A Software Testing Primer | TechWell

A Software Testing Primer

A tester exploring their software

When development teams are pressed for time or budget, testing is often the first activity squeezed out. While testing might add some costs to the overall budget, it will save you money in the long run.

If you incorporate testing early on in the software development lifecycle, you will be able to catch bugs earlier, when they are easier and less costly to remediate.

Also, if a problem goes unnoticed and the product is released to users, it can result in poor reviews and bad word of mouth. A damaged reputation can be hard to recover from, especially if your product or company is not well known.

Another reason is security, especially if your product requires users to enter personally identifiable information. A lot of hacks are easily preventable if they are discovered early on, but if they go undetected, you will lose user trust and may have to pay fines.

Finally, think about product quality. If you are not testing at every stage of development, how do you know if the product will work as intended?

Let’s take a look at some of the types of testing you should be conducting.

Types of Testing

Unit testing is where each individual component is tested separately. This tests the smallest unit of development, which increases the odds of finding a bug. It also expedites the entire process because you write the script and run the test.

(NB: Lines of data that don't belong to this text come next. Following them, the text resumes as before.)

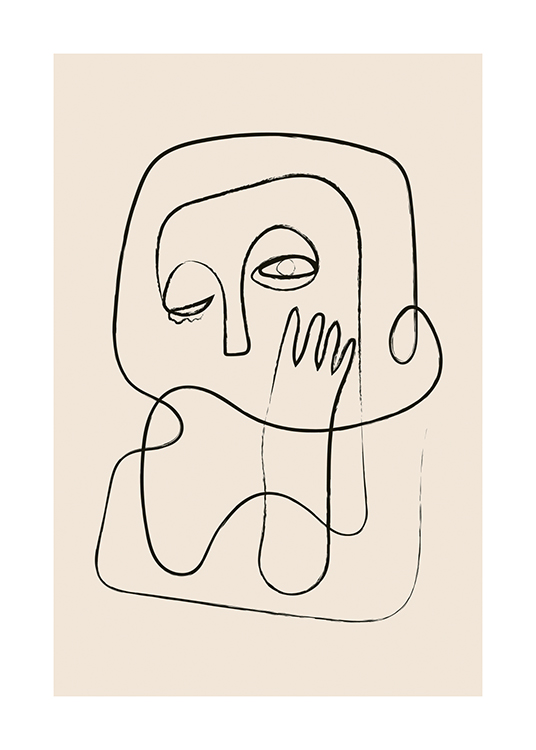  – Illustration med en abstrakt arm och ett ansikte i svarta linjer på en beige bakgrund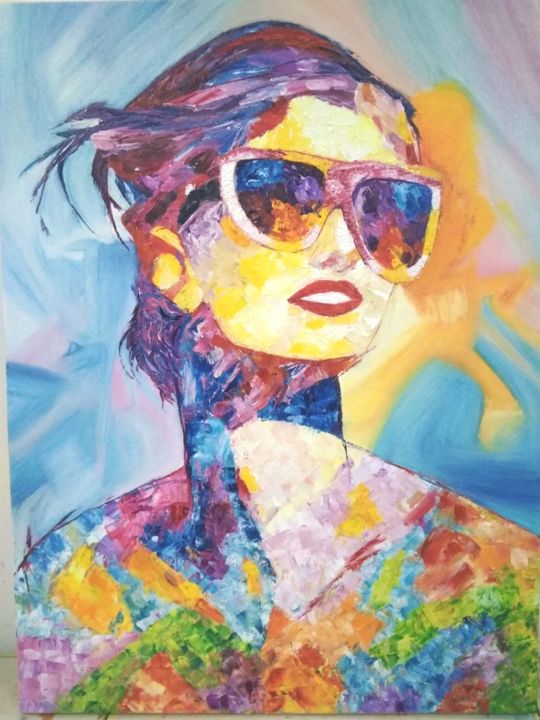 Painting titled "popart-portrait.jpg" by Jui Shah, Original Artwork, Oil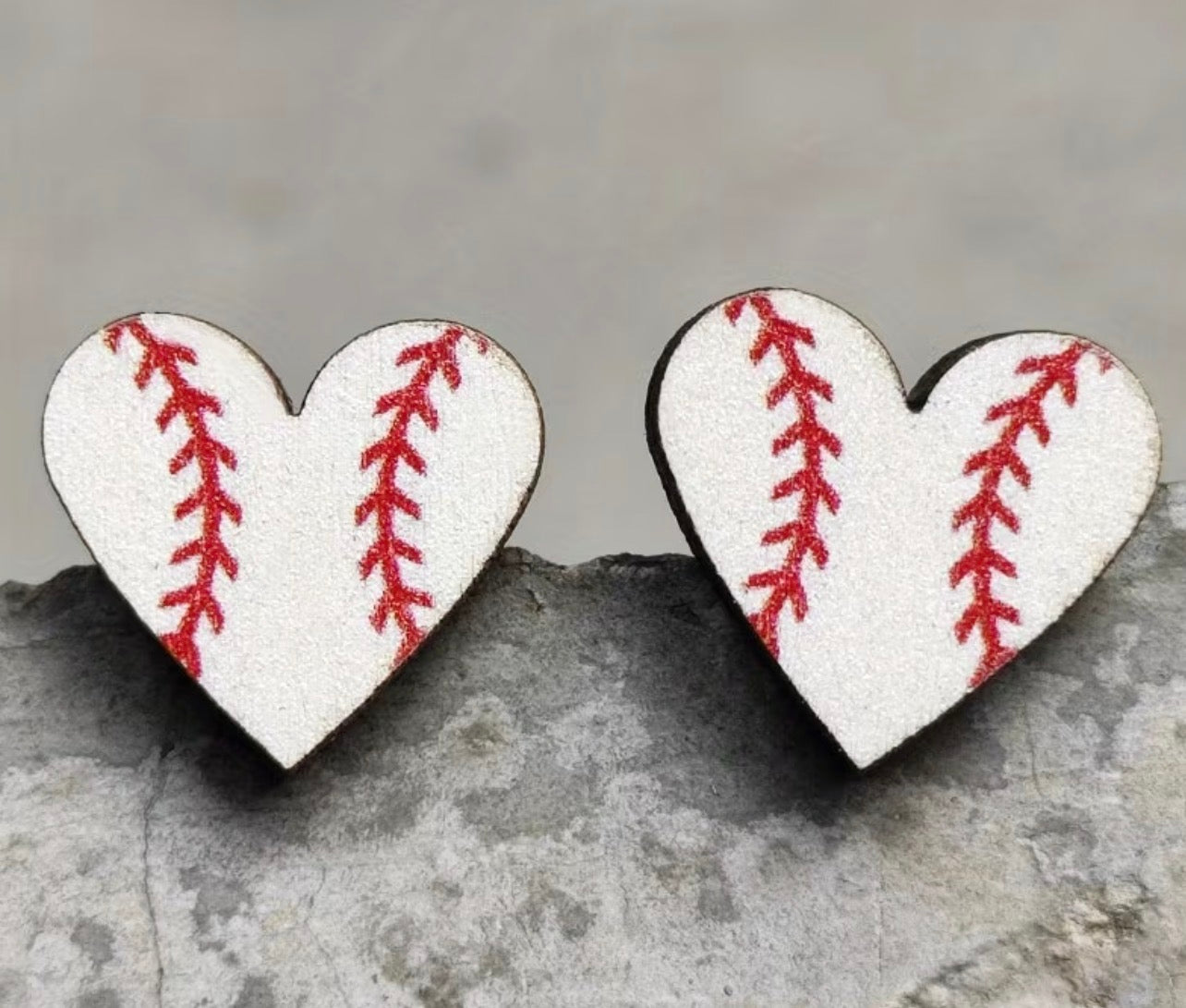 Heart Shaped Baseball Earrings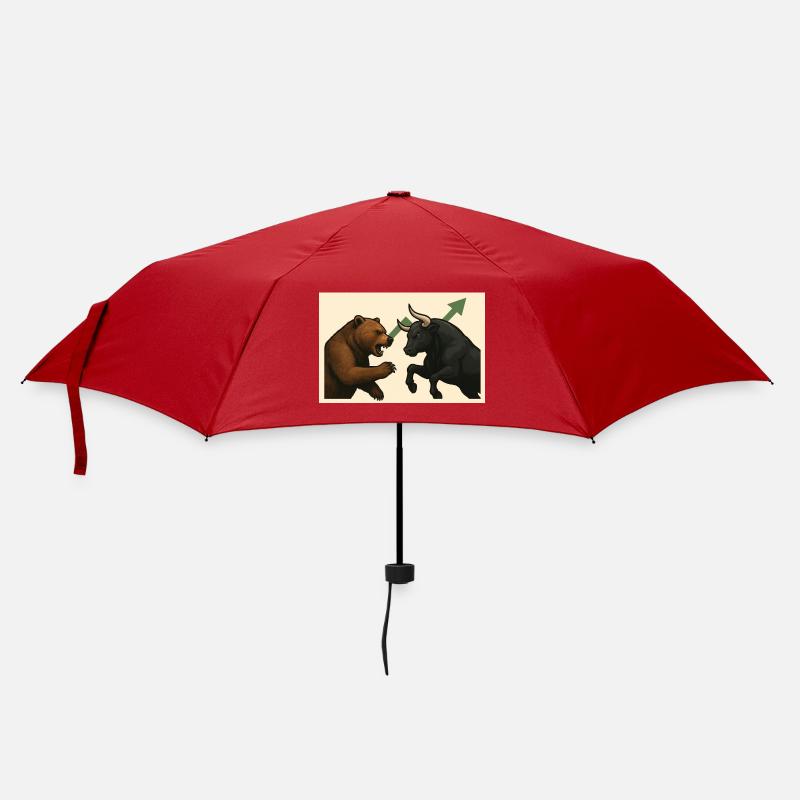 Börsenkampf Bären gegen Stier - Regenschirm (klein) - Rot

Integration testing is where all of the individual components that were tested individually are now tested as a group, to see how all of the various components interact with one another. This can be through white hat testing—when the QA engineers have a document that details all of the product designs—or a black hat approach—testing without this document, which allows QA engineers to take the user’s perspective.

Penetration testing is the best way to find out how secure your product is. Just like with white and black hat integration testing, the team might have all or some knowledge about the product architecture, or none at all. You should consider testing both ways to make sure that your product has the best security possible.

The final stage is user acceptance testing, where volunteer users try out the product. This will give you insight into how the product will be received when it is released, along with how well you have satisfied the business requirements. This form of testing should be done right before the release and is your last chance to catch any bugs before your real users see it.

Get Proactive against Bugs

It is not enough to perform cursory testing and then wait until users start reporting bugs. You have to take a proactive approach by implementing testing early and often.

In addition, consider performing both automated and manual testing, especially if this will be the first release of your product. While automated tests will be able to identify obvious bugs in the code faster than humans, ultimately you will still need manual testing to ascertain that everything is working as intended.

It’s crucial to have a security level that your users trust. Give your users peace of mind and avoid any issues that will cause them to second-guess your product.